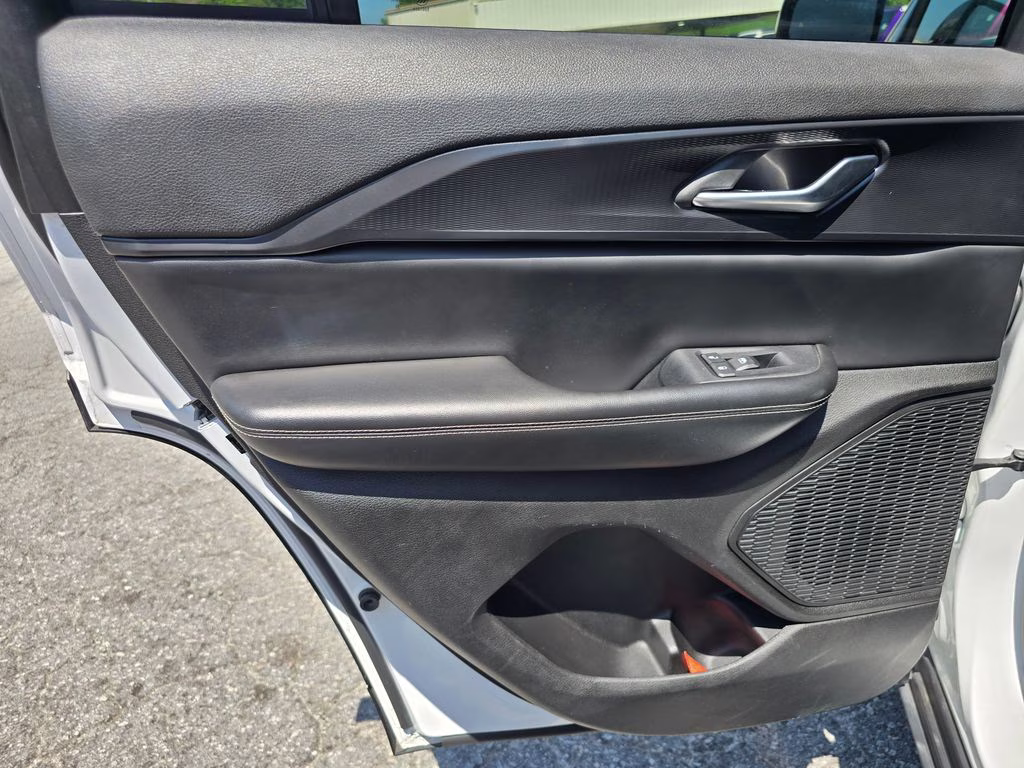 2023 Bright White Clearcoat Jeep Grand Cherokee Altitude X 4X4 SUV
----
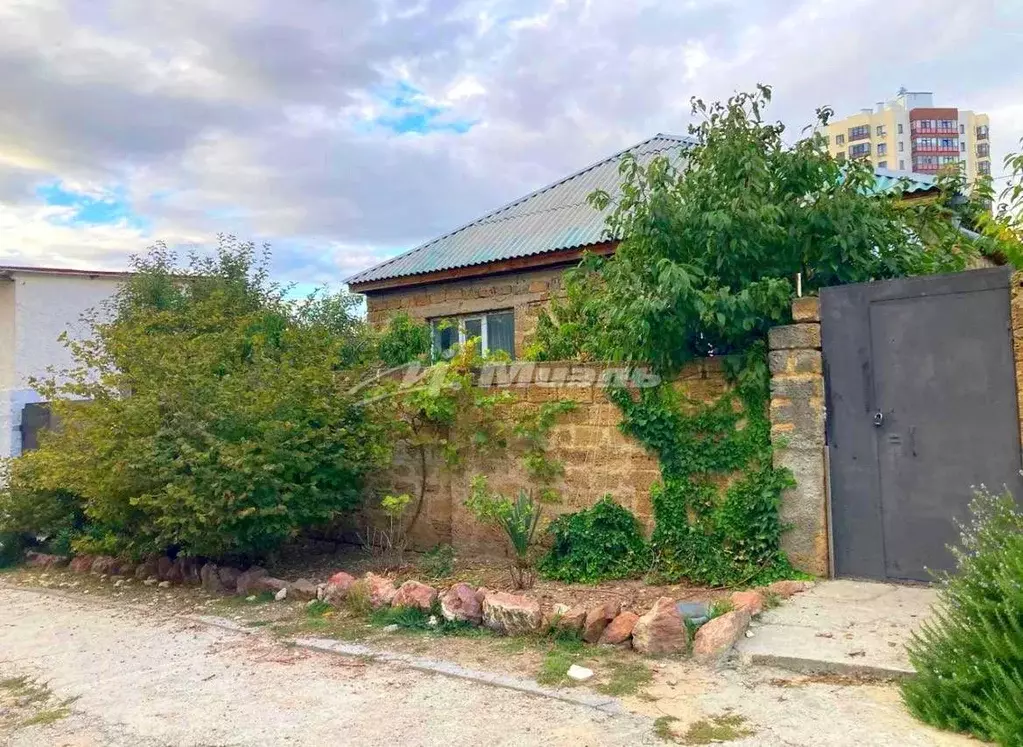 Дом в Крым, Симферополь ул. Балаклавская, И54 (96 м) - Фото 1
----
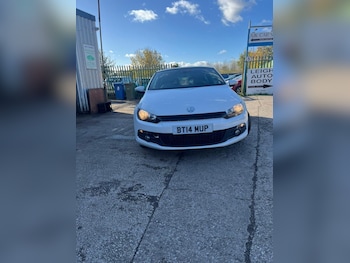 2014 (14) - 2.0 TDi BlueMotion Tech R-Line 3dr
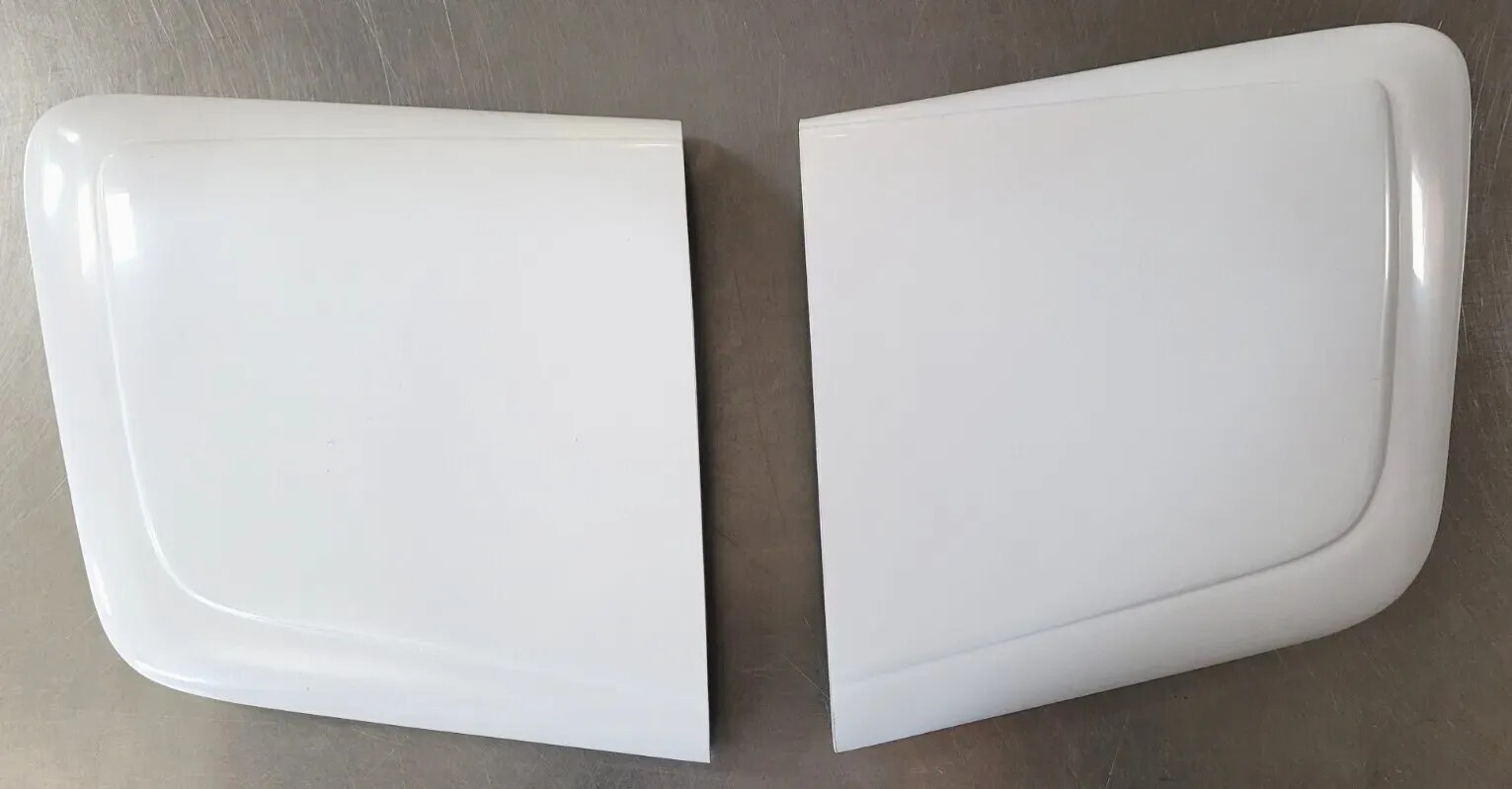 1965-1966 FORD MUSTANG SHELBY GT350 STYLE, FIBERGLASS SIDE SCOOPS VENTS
----
Task goal — In the records above, find the line with "2014 (14) - 2.0". Print exactly from there through the line with "1965-1966 FORD MUSTANG", minus the pictures.

Response —
 2014 (14) - 2.0 TDi BlueMotion Tech R-Line 3dr
 1965-1966 FORD MUSTANG SHELBY GT350 STYLE, FIBERGLASS SIDE SCOOPS VENTS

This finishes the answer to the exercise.